TASK TO CARRY OUT – Output each line exactly as written, from the first line of the records to the line bearing "For H.323, you", inclusive, while leaving every picture out.

*** DATA FOR THE TASK Section Begins ***

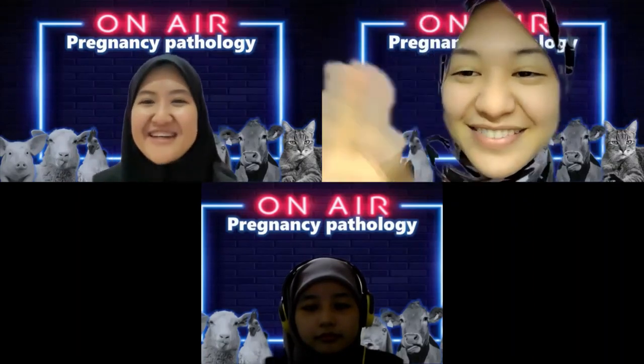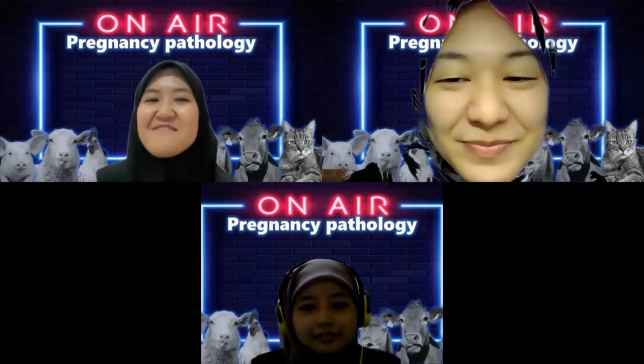Assalamualaikum warahmatullahi wabarakatuh. Hello everyone, I haven't seen you guys in a while. We're good, staying well despite the COVID pandemic. Welcome to Ilmu Kebidanan dan Kemajiran Podcast. I'm Nida Nazira binti Jafri from group six, accompanied by Nor Maizara binti Abdul Rashid and Nor Nadira binti Rahmat. Today's topic is pregnancy pathology.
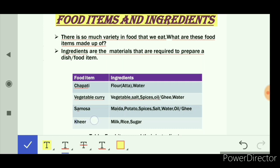The next example is kheer. To make kheer, the ingredients are milk, rice, and sugar. So ingredients are the materials that are required to prepare a dish or food item.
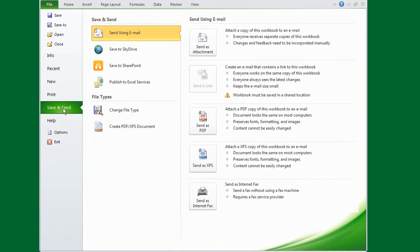You may have noticed this, but regardless of the tab you select, you can always open, save, and close your files here.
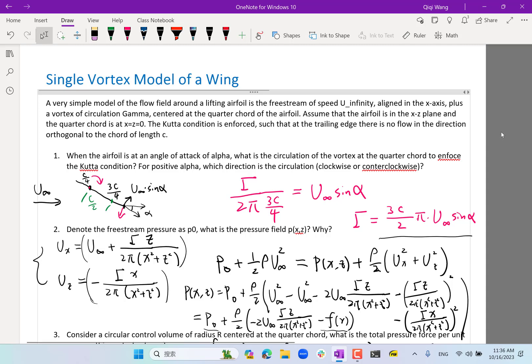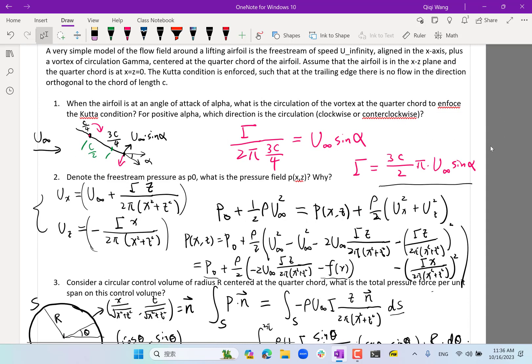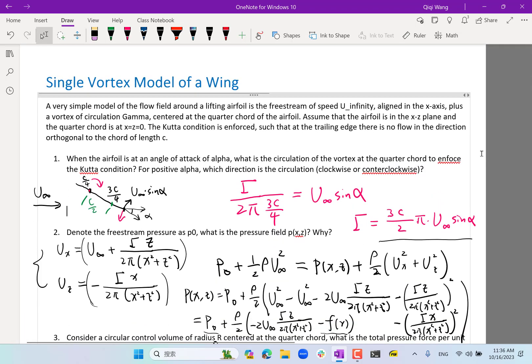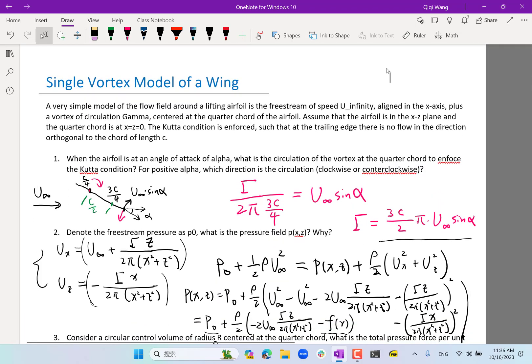Many lifting line theory codes enforce the Kutta condition at three-quarters chord for this reason.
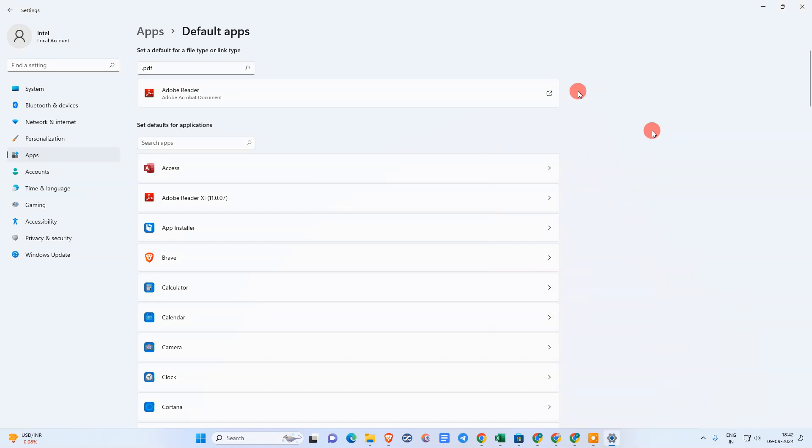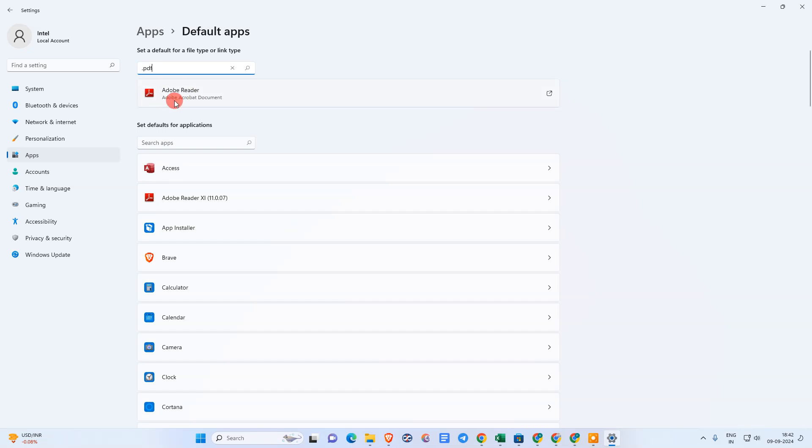Click OK. Now whatever PDF file you open will be opened by default in Adobe Reader. That's how we can change the default app for PDF to Adobe Reader.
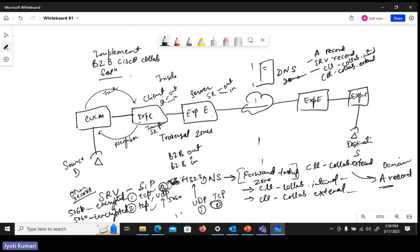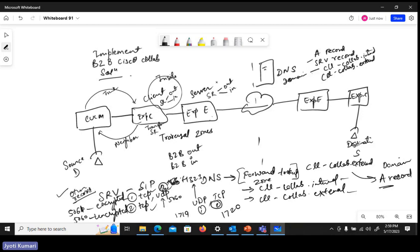For H.323, you also need UDP and TCP SRV records. UDP is identified with port 1719 and TCP is port 1720. If you have all these configured — SRV records for SIP and H.323, domain A records, and so on — from the DNS perspective you should be fine. You will be able to make business-to-business calls outside and receive calls coming from outside to inside.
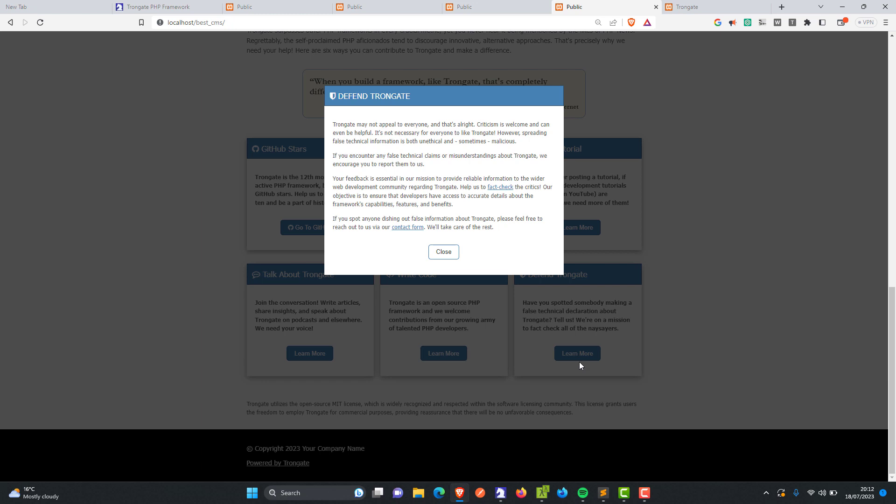The naysayers — pardon me. If you see anybody posting false information about this framework — and by the way, it's okay to say you don't like the framework or that it's rubbish — but if somebody posts information that is demonstrably false, such as 'the framework has no features', I'm asking you to let me know. My friends, the revolution is underway. Thank you for being here and I'll see you very soon. Cheers.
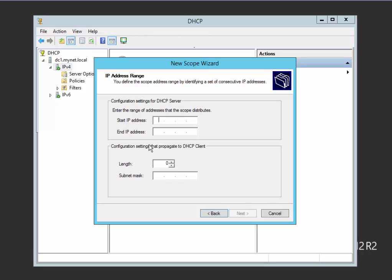Next, the start IP and end IP address, 192.168.1.1 and end 1.150, 192.168.1.150. The subnet mask, 255.255.255.0.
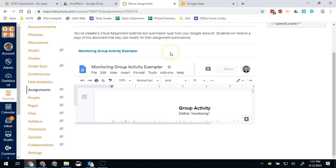But what it's done is automatically make a copy of that assignment for them. It makes a copy of that Google Doc. So they'll be able to edit but it's on their copy, not on the one in your Google Drive.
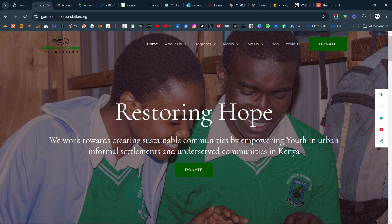The only feedback I would have for them is that their hero image, which is behind the mission statement, features one of their beneficiaries in a green sweater — and their call to action button is also green. So I would recommend that they either add a border to that donate button to make it pop out more and be more prominent.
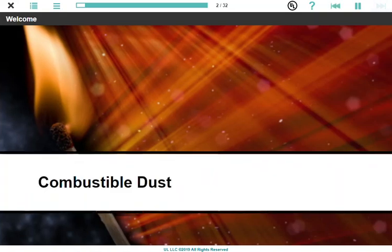This course provides a general understanding of the hazards, precautions, and potential consequences associated with combustible dust in the workplace.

*** DATA FOR THE TASK Section Ends ***

FINAL ANSWER –
Assalamualaikum warahmatullahi wabarakatuh. Hello everyone, I haven't seen you guys in a while. We're good, staying well despite the COVID pandemic. Welcome to Ilmu Kebidanan dan Kemajiran Podcast. I'm Nida Nazira binti Jafri from group six, accompanied by Nor Maizara binti Abdul Rashid and Nor Nadira binti Rahmat. Today's topic is pregnancy pathology.
The next example is kheer. To make kheer, the ingredients are milk, rice, and sugar. So ingredients are the materials that are required to prepare a dish or food item.
You may have noticed this, but regardless of the tab you select, you can always open, save, and close your files here.
Many lifting line theory codes enforce the Kutta condition at three-quarters chord for this reason.
Click OK. Now whatever PDF file you open will be opened by default in Adobe Reader. That's how we can change the default app for PDF to Adobe Reader.
For H.323, you also need UDP and TCP SRV records. UDP is identified with port 1719 and TCP is port 1720. If you have all these configured — SRV records for SIP and H.323, domain A records, and so on — from the DNS perspective you should be fine. You will be able to make business-to-business calls outside and receive calls coming from outside to inside.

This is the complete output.